Comments on: Card of the Week: 1981 Topps #130 Larry Gura This and that about baseball stats. Tue, 16 Jul 2013 17:01:55 +0000 hourly 1 By: Jeff Wise Sat, 22 Jan 2011 04:36:55 +0000 I own that card! Actually, I own several of those cards. Yes, worth nothing but I still have my Larry Gura cards.

By: Tmckelv Fri, 21 Jan 2011 11:06:10 +0000 The baseball card set was actually the 3rd of the 4 major sport sets to go to the "All-Star designation on the players main card" format.

The Football card sets started that in 1971. Then Topps went to the All-Pro subset in 1972 and had no All-Pro indication at all in 1973. Again had the All-Pro designation on the regular card in 1974. Finally a 2 player-per-card subset in 1975 and reverted back to regular issue card All-Pros in 1976 where it stayed for many years (into the 1990's - long after baseball gave it up).

The Basketball Sets started a little later (1973-74 set) but were more consistent with the format with only 1976-77 using a subset (which included James Silas' afro as I mentioned in a previous card thread) up through 1979-80. Then back to a subset (on the ill-fated mini-cards) and no designation at all on the last topps set in 1981-82.

Hockey started in 1976-77 (after baseball) and kept it through 1979-80 before returning to subsets for the last 2 topps sets.

By: Bruce Markusen Fri, 21 Jan 2011 05:02:40 +0000 Glad to see "Card of the Week" back. I was beginning to think it had left the premises completely!

By: John Autin Thu, 20 Jan 2011 22:06:08 +0000 @9, Night Owl -- Thanks for clarifying. I guess I overlooked the phrase "all-star starter" in the opening. Doink!

By: Tmckelv Thu, 20 Jan 2011 19:35:46 +0000 @8 John Q,

I was unsuccessfully trying to be funny, meaning if you tried come up with a list of great NL starters of the 1970's, you would probably list Carlton before those other guys.

I did not mean to imply that the selections of the individual season's NL Starters were incorrect. Those were great seasons by Messersmith, Reuss, Jones, etc. and were well-deserved selections.

By: Steve Thu, 20 Jan 2011 18:28:37 +0000 Stone got the benefit of having his own manager, Earl Weaver managed the 1980 All Star game as a result of being the World Series participant the previous year

By: night owl Thu, 20 Jan 2011 17:49:22 +0000 @10 That was the issue, Andy. Blasted Chrome. Thanks.
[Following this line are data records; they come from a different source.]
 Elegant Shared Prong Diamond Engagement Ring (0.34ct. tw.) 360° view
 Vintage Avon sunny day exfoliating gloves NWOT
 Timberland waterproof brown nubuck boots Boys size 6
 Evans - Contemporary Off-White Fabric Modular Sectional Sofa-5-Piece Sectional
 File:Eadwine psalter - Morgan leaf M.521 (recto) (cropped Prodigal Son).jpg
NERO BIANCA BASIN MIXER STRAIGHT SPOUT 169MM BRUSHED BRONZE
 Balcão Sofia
By: Andy Thu, 20 Jan 2011 17:41:49 +0000 Night Owl, if you're using Chrome, that seems to have some trouble displaying images. I've had a lot of problems with this, but I am pretty confident that the image is uploaded properly.

Is anybody else having trouble seeing the images?
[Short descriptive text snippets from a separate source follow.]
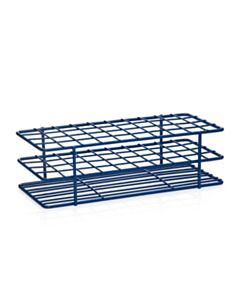United Scientific Coated Wire Rack, 13-16 mm Tubes, 40 Place, Blue
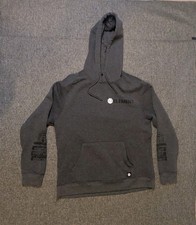 Vintage Element Hoodie Mens Large Gray Pullover Skateboard Grunge Y2K Sweatshirt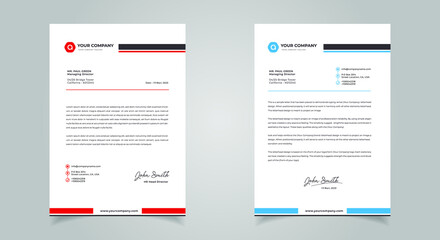 Abstract Letterhead Design Modern Business Letterhead Design Template
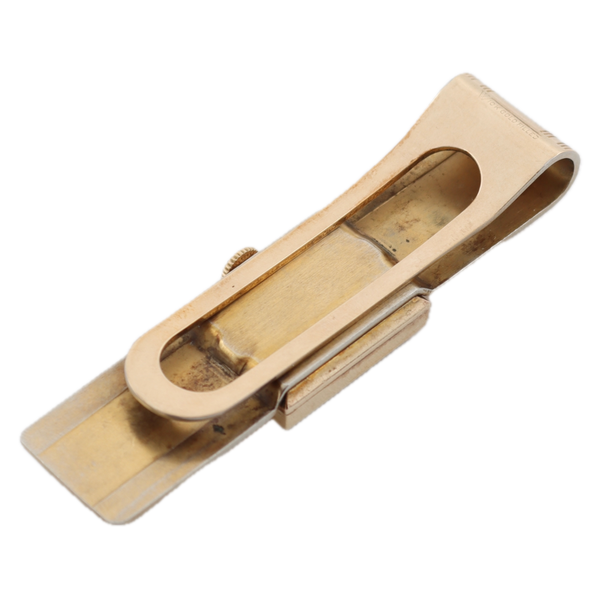 Vintage 17mm Elgin Men's Mechanical Pendant / Money Clip Watch USA 10k GF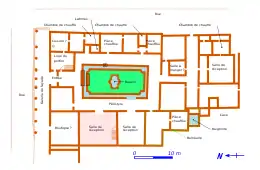 Plan de la maison à son apogée monumental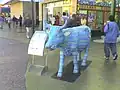 Una vaca en la Revolucion Avenue, del CowParade de Tijuana, 2008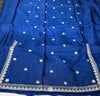 SEHRISH NADEEM MIRAL โ TASSEL SILK ROYAL BLUE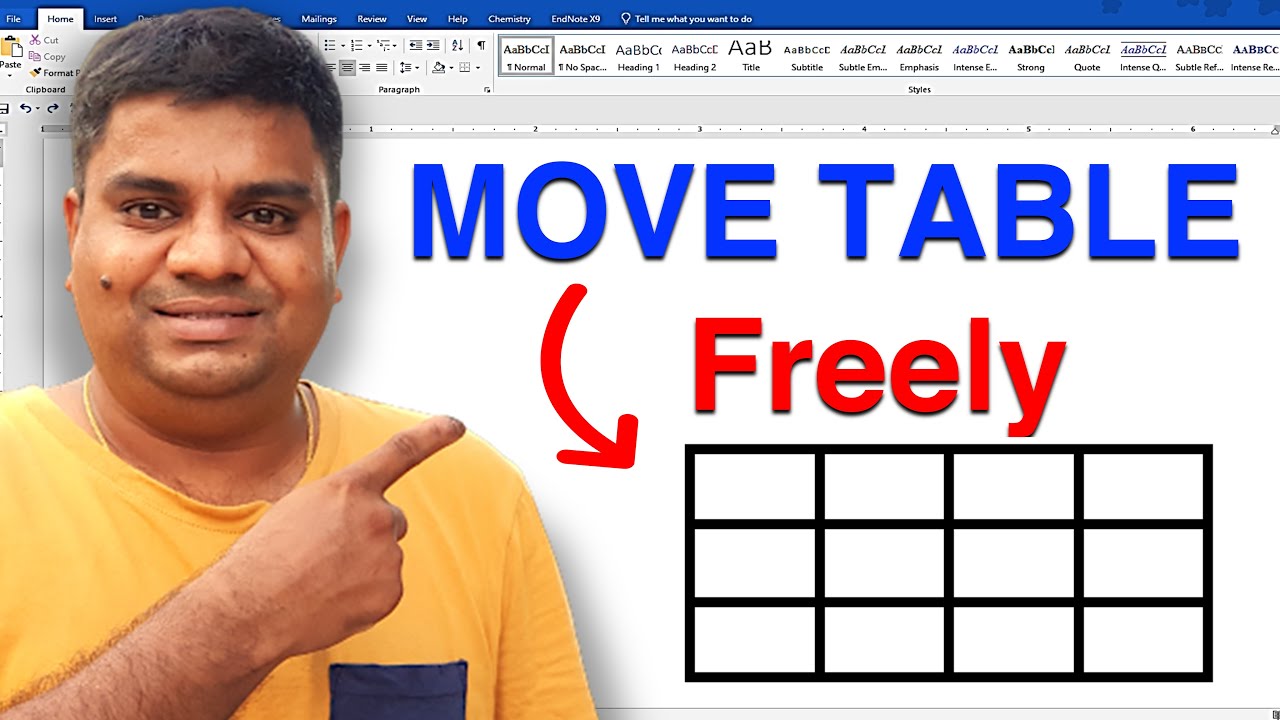 How to Move Table in Word [ Microsoft ]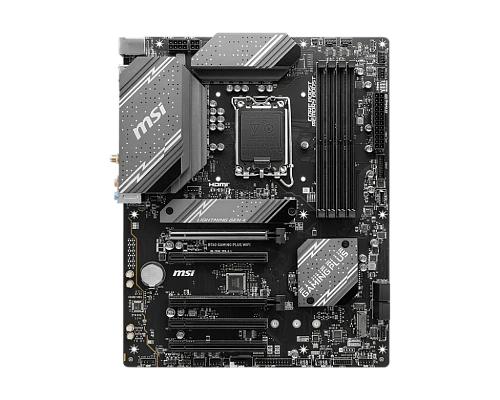 Матплата MSI B760 Gaming Plus WiFi, iB760, S1700, ATX, 4DDR-5, 5xPCI-Ex16, 4SATA,2xM.2,HDMI,DP,14USB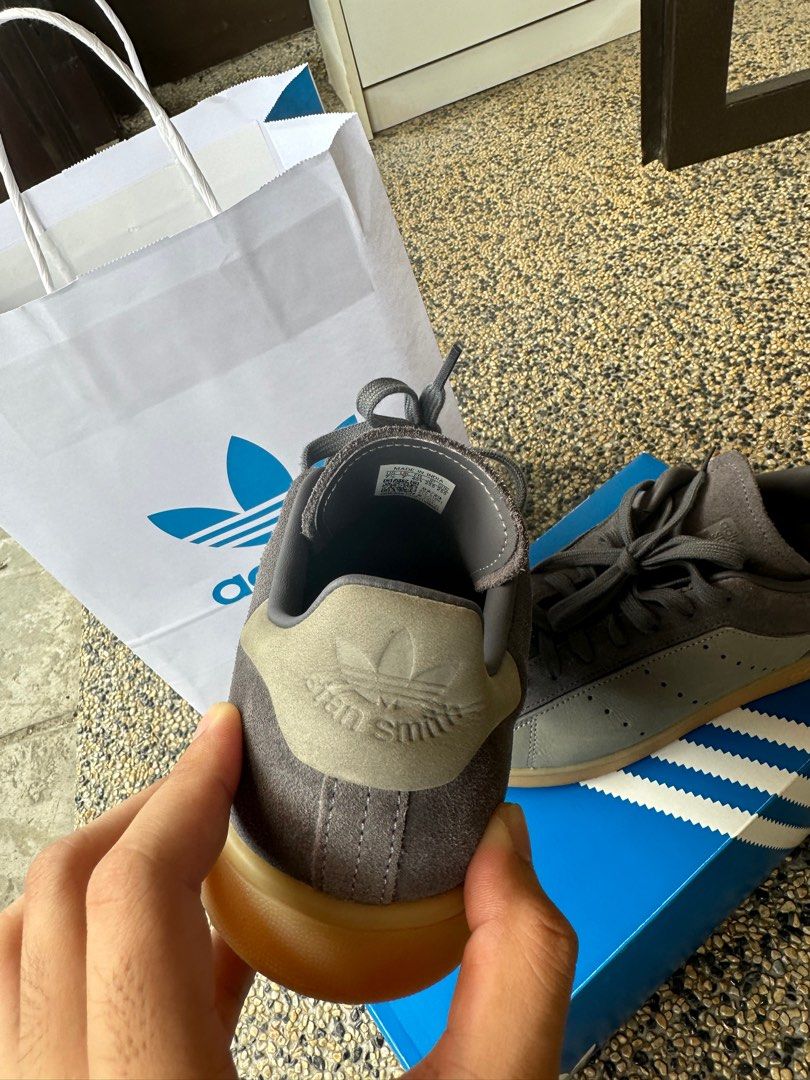 Adidas stan smith grey sale three & grey five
By: night owl Thu, 20 Jan 2011 17:29:37 +0000 @JA

I guess my point is that from my vantage point at the time, the players with All-Star cards were exclusively starters on the All-Star team the preceding year (unless they were injured as mentioned before).

The pitcher may not have selected by the fans, but he was selected to start by the manager, and it was reflected on the player's card the following year. It was like that from 75-80 for the most part, until '81 when Topps did its own selecting and added pitchers who did not start as All-Stars the previous year.

And why is the image of the front of the Gura card not there?

By: John Q Thu, 20 Jan 2011 17:14:17 +0000 @6 tmckelv,

"NL P - Steve Carlton first time after such "superstars" as Messersmith (75), Reuss (76), R.Jones (77) and actual stars Sutton (78) and Blue (79)"

I don't see Messersmith, Reuss, and Jones being bad all star selections.

Messersmith was one of the best pitchers of the mid 70's and should have won the Cy Young over Marshall in '74. He finished in the Top Five in H/9 eight times in his career. He's one of only 10 pitchers to have 8+ seasons in the top Five in H/9.

Reuss had flashes when he pitched great like 1975, 1980, and 1981.

And Randy Jones was the eventual Cy Young award winner in 1976.